Не знаю, какая нужна прелюдия славе, но чтобы пойти нам в кино — нужна была именно такая. Мне уже давно хотелось пойти в кино вечером, это ведь совсем другое дело, нежели ходить туда днём. Разница между дневным и вечерним сеансами подобна разнице между забегаловкой, где в обеденный перерыв, бывало, питался отец, и рестораном на Большом базаре. А музыка в фойе кинотеатра! Её нельзя сравнить даже и с ресторанной. Своим внезапным решением отец сразил не только мать, но и меня: назавтра к вечеру я без напоминаний надел парадные бриджи, священное дело. А он, священный ужас, пришёл с работы в восемь!

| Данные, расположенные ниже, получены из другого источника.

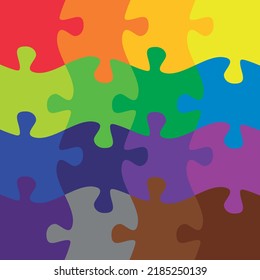 16 multicolor jigsaw puzzle background vector.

Осознав этот факт, мать как-то странно крякнула, хрюкнула, потом быстро накрасила губы, уложила косы в корону, укрепила её шпильками… И ещё через пять минут мы уже стояли у входа в кинотеатр с купленными билетами, благо, и этот аттракцион находился в нашем же квартале. Вход в фойе перегораживала вертящаяся стеклянная дверь, за нею стояла, перегораживая проход — или разделяя его надвое, толстая колонна. Ничего подобного я не видал больше никогда, о, какая жалость… С портала над входом клонились к нам две мраморные головы в шлемах с крылышками. Я уже знал этого Гермеса, покровителя торговли, благодаря педагогическим усилиям Ю. Удвоение божественного портрета свидетельствовало о некоторой неуверенности в покровительстве богов первоначальных владельцев здания, банкиров времён демократизации монархии. И верно, после их банкротства в здание въехала торговая палата, а после неё — и заодно революции — тут открылся нэпманский магазинчик. После всех революций и войн свято место занял кинотеатр. Говорят, ещё позже тут снова открылся магазин, но дальше этого дело назад не поехало: торговая палата так и не объявилась.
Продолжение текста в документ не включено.